10月1日

 8時過ぎに目を覚ます。朝から知人が「お散歩行く?」と何度か言うので、なにか展覧会でもやっていないかと調べてみる。ああそうだ、東京ステーションギャラリーでやっていた東北へのまなざし展が気になっていたんだったと調べてみると、25日で終了していた……。東京に戻ってきた日が最終日だったらしく、ちょっとそれは、観に行けなかっただろうなと諦める。昼、知人の作るトマト缶とサバ缶のパスタを平らげる。ビールも飲んだ。間違って録画されていた『報道ステーション』に三遊亭円楽のことが取り上げているようだったので、消す前に再生する。「死神」の下げの部分だけ放送されたので、気になり、YouTubeで検索して晩年の談志による「死神」を視聴する。もどかしそう。ビールを飲んだせいか、知人は眠ってしまって、散歩に行こうって言い出したのにと腹が立ち、置いたまま家を出る。有楽町をぶらりと散策し、Bluetoothスピーカーを物色する。音の感じを確かめてみたいと思ったものの、いろんな音が鳴っている家電量販店では確かめようがなかった。15時、根津のバー「H」へ。以前、ここで「露口」の話をしたことがある。この秋から始めるつもりの取材で、松山に何日か滞在し、もし受けてもらえるなら取材をしてみたい、と。その「露口」が閉店すると、数日前にSNSで情報が流れてきた。「仕方ないことですけど、昭和の店がなくなっていきますね」とHさんが言う。ほどなくして知人もやってくる。Hさんの言葉を反芻する。継ぐ人がいなければ、店は消える。どうにか存続させることだってできるけれど、それは「昭和の店」ではなくなるのだろう。仕方のないことだとは思う。どこかの老舗が、SNSで「レトロだ!」とバズって繁盛したとしても、それがお店の存続なのかどうか。同世代の誰かのSNSで、大人数で老舗に押しかけ、写真をパシャパシャ撮って載せているのを目にするたび、違和感をおぼえてしまう。

 バー「H」では、いつもハイボールばかり飲んでいる。Hさんがもともと働いていた銀座の「R」でもハイボールばかり飲んでいた。それは、坪内さんから「ハイボールが美味しい店」として教えてもらって、坪内さんもハイボールばかり飲んでいたから、それに倣って基本的にはハイボールばかり飲んでいた(坪内さんは「この店ではこのお酒を飲む」というのが決まっていた印象がある)。ただ、棚にはずらりと国内外のウィスキーが並んでいることだし、ハイボールをカパカパ飲むと19時過ぎには眠ってしまうので、2杯目はジントニックを、3杯目は「なにか『これ!』というウィスキーがあれば、それをストレートで」と無茶な注文をして、グレンモーレンジィの18年を出してもらう。
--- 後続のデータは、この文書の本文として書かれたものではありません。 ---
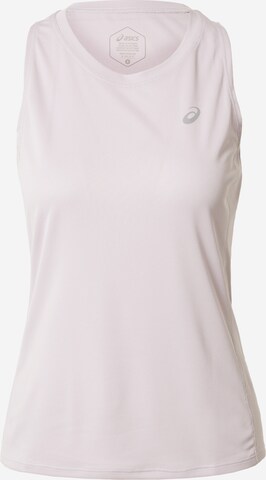 ASICS Sporttop in Lila: predná strana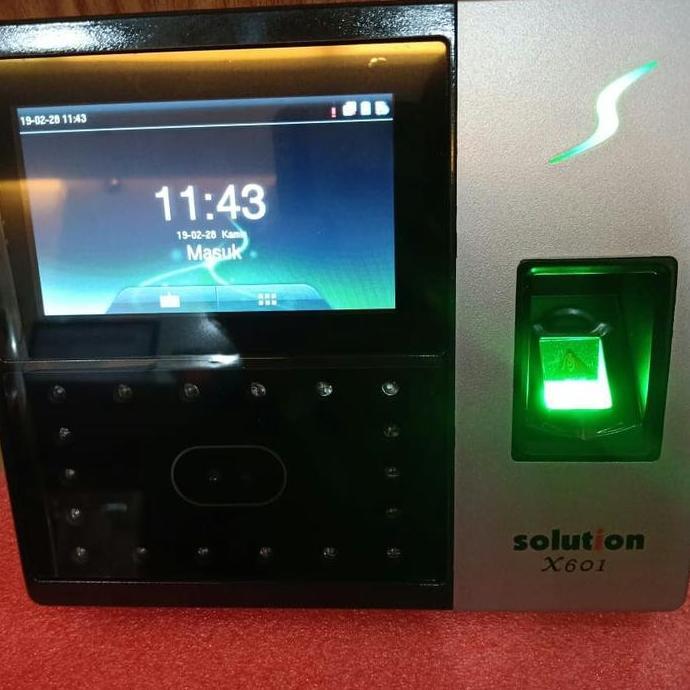 Solution X601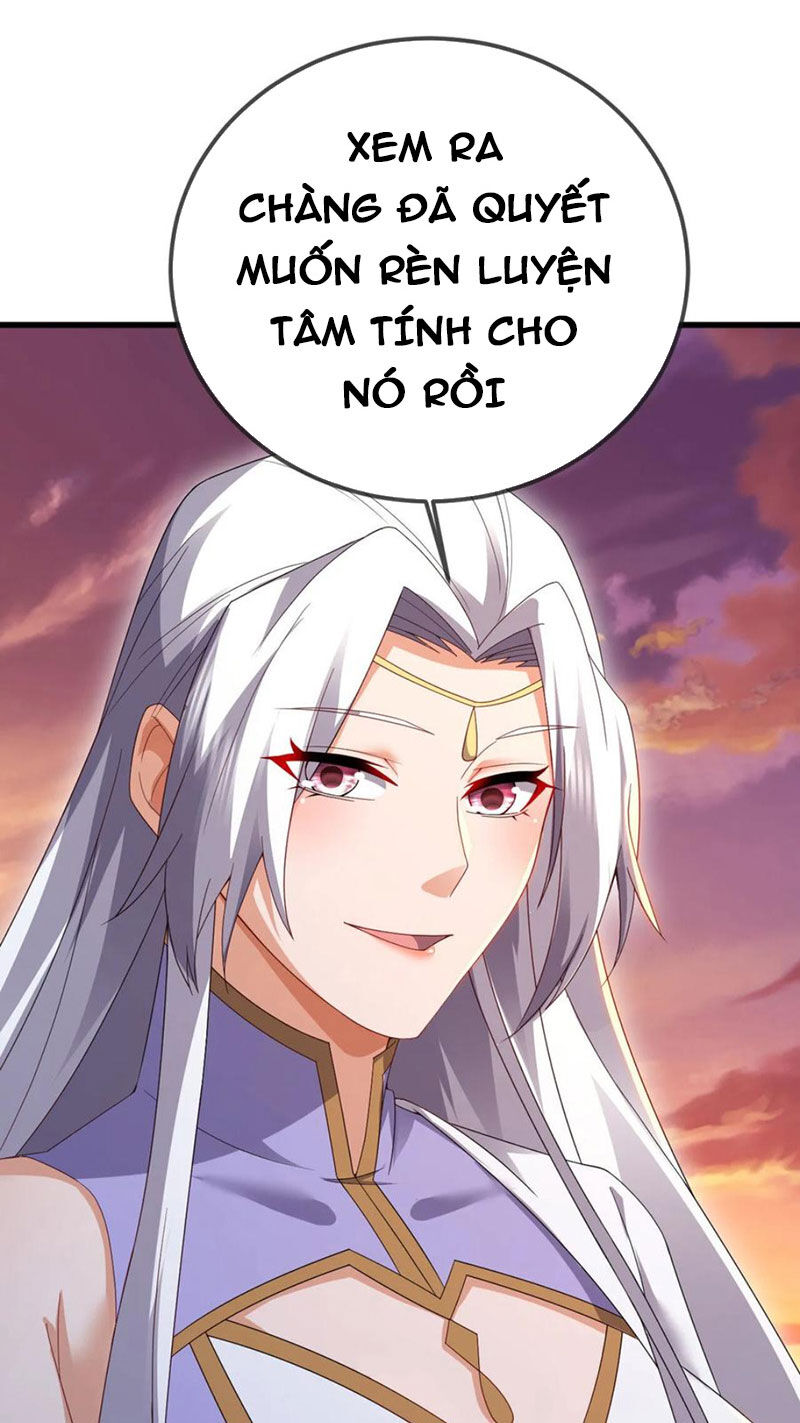 Tiên Võ Đế Tôn Chap 605 - Next Chap 606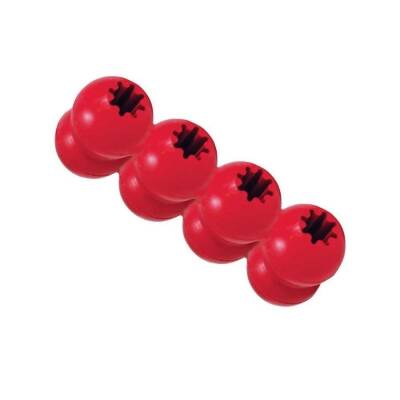 Kong Goodie Ribbon Çoklu Top Şeklinde Köpek Oyuncağı S - 2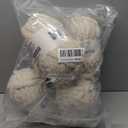 Bernat Extra Thick Chunky Yarn for Crocheting Soft, Oatmeal, 6-Pack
わかりやすい派手さはないけれど、たしかにおいしい。店を出て、「ベーカリーミウラ」でパンを買って帰途につく。出前館で「老酒舗」の出前を注文して、アントニオ猪木の動画を探して眺めながら晩酌をする。偉大なレスラーだということはわかった上での話ではあるけれど、自分がプロレスに興味を持ったのはG-EGGSやTEAM2000の頃だったせいか、なんだか引っ掻き回す人という印象がどうしても残っている。ワインをかぱかぱ飲みながら頬張っていたせいで、結局のところ20時には眠ってしまう。